January 27, 2011 at 9:03 am
shaun.stuart,
I ment a column...for example by taxid, customerid or another unique value that has an index.
The following script was the one they ran to rebuild the index.
EXEC sp_updatestats 'resample'
EXEC sp_MSforeachtable @command1="print '?' DBCC DBREINDEX ('?', ' ', 80)"
Needless to say that the to results where unsuccessful. The success was that the issue has now been submited to programming.
Thanks again everyone.
January 27, 2011 at 9:31 am
Please see the attached actual execution plans. One useing the address search and the other useing a taxid search.
The address search tool around 5 minutes the taxid search took about 1 second.
Thanks again. I just wanted to add that last bit of information that was asked for on this post.
January 27, 2011 at 11:00 am
Carlton B Ramsey (1/27/2011)
Please see the attached actual execution plans. One useing the address search and the other useing a taxid search.The address search tool around 5 minutes the taxid search took about 1 second.
Thanks again.

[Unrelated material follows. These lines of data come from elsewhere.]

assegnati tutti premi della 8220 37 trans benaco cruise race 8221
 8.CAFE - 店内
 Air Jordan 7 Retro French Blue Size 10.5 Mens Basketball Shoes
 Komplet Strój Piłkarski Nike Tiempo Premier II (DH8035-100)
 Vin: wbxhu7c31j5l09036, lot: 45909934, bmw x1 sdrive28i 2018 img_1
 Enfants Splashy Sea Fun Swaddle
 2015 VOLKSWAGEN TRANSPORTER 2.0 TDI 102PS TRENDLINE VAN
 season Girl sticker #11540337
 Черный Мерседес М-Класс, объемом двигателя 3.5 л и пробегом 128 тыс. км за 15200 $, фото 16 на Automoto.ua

I just wanted to add that last bit of information that was asked for on this post.
Now that's easy to answer:
The taxid query used a nonclustered index seek whereas the address search needed a table scan due to the non-sargable WHERE clause.
So it looks like the source is a dynamic query that'll use different columns if needed.
To answer your original question: the reason for being slow on one day and fast on the next day might be caused by an alternating dynamic query.